Chen is best known for his contributions to the theory and methodology of program evaluation, particularly theory-driven evaluation (often seen as a type of theory-based evaluation), about which he wrote the first comprehensive book.

In 1993 Chen was the recipient of the Paul F. Lazarsfeld Award for contributions to Evaluation Theory from the American Evaluation Association.
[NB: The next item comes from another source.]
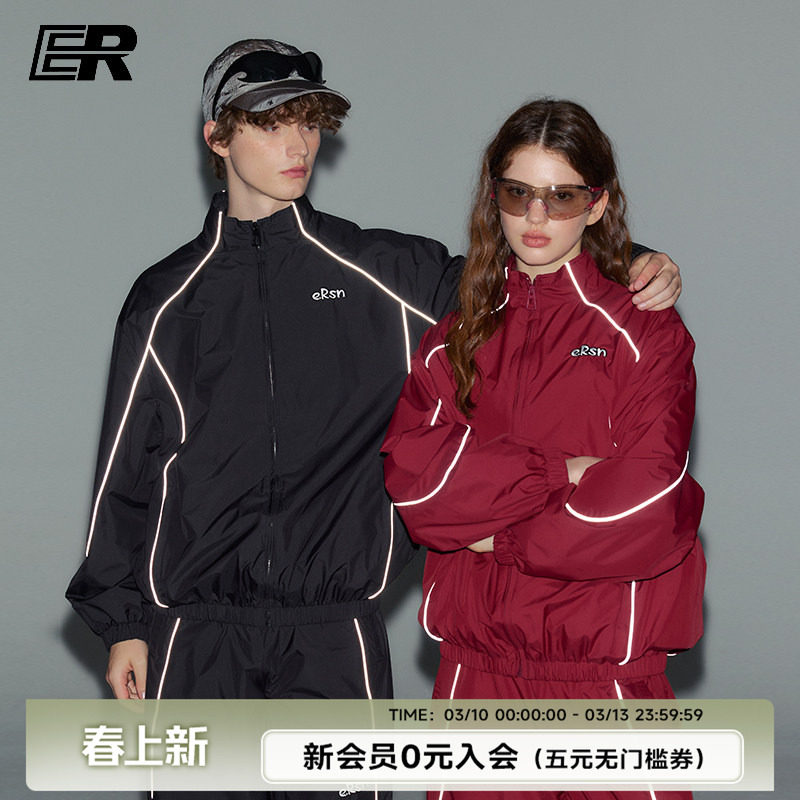 【明星同款】ER反光条外套男2026春秋立领夹克潮牌骑行运动套装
==Theory-driven evaluation==

Theory-driven evaluation begins with the premise that social programs are attempts to intervene on some aspect of society to solve social problems and do so using a program theory, though one that is "frequently implicit or unsystematic". The approach was developed in response to "black-box" evaluation, which tended to focus on research methods rather than attempting to understand the mechanisms through which a program might work. Key reasons for this include learning from null results and to improve the implementation of successful programs.
Chen distinguishes between normative theory, specifying, for instance, the goals of the program, and causal theory, which specifies how the program is thought to work, and argues that both are required for evaluation. Further clues on what kind of theory is intended come from a paper Chen authored with Peter Rossi:
the kind of theory we have in mind is not the global conceptual schemes of the grand theorists, but much more prosaic theories that are concerned with how human organizations work and how social problems are generated. It advances evaluation practice very little to adopt one or another of current global theories in attacking, say, the problem of juvenile delinquency, but it does help a great deal to understand the authority structure in schools and the mechanisms of peer group influence and parental discipline in designing and evaluating a program that is supposed to reduce disciplinary problems in schools. [...T]he theory-driven perspective is closer to what econometricians call "model specification" than are more complicated and more abstract and general theories.
It has been thought that theory-driven evaluation focussed on statistical approaches such as path analysis. However, Chen has also made case for the importance of qualitative methods, particularly when developing program theories.

==Selected works==

===Books===
- Huey-tsyh Chen (1990). "Theory-driven evaluations"
- Huey-tsyh Chen (2005). "Practical program evaluation: Assessing and improving planning, implementation, and effectiveness"
- Huey-tsyh Chen (2015). "Practical program evaluation: Theory-driven evaluation and the integrated evaluation perspective"

===Articles===
- (with P. H. Rossi) Huey-tsyh Chen (1980). "The multi-goal, theory-driven approach to evaluation: A model linking basic and applied social sciences"
- (with P. H. Rossi) Huey-tsyh Chen (1983). "Evaluating with sense: The theory-driven approach"
- (with P. H. Rossi) Huey-tsyh Chen (1987). "The theory-driven approach to validity"
- Huey-tsyh Chen (2001). "Development of a National Evaluation System to Evaluate CDC-Funded Health Department HIV Prevention Programs"
- (with L. Morosanu and Victor H. Chen) "Program Plan Evaluation: A Participatory Approach to Bridge Plan Evaluation and Program Evaluation". American Journal of Evaluation. 45: 551–561. 2024.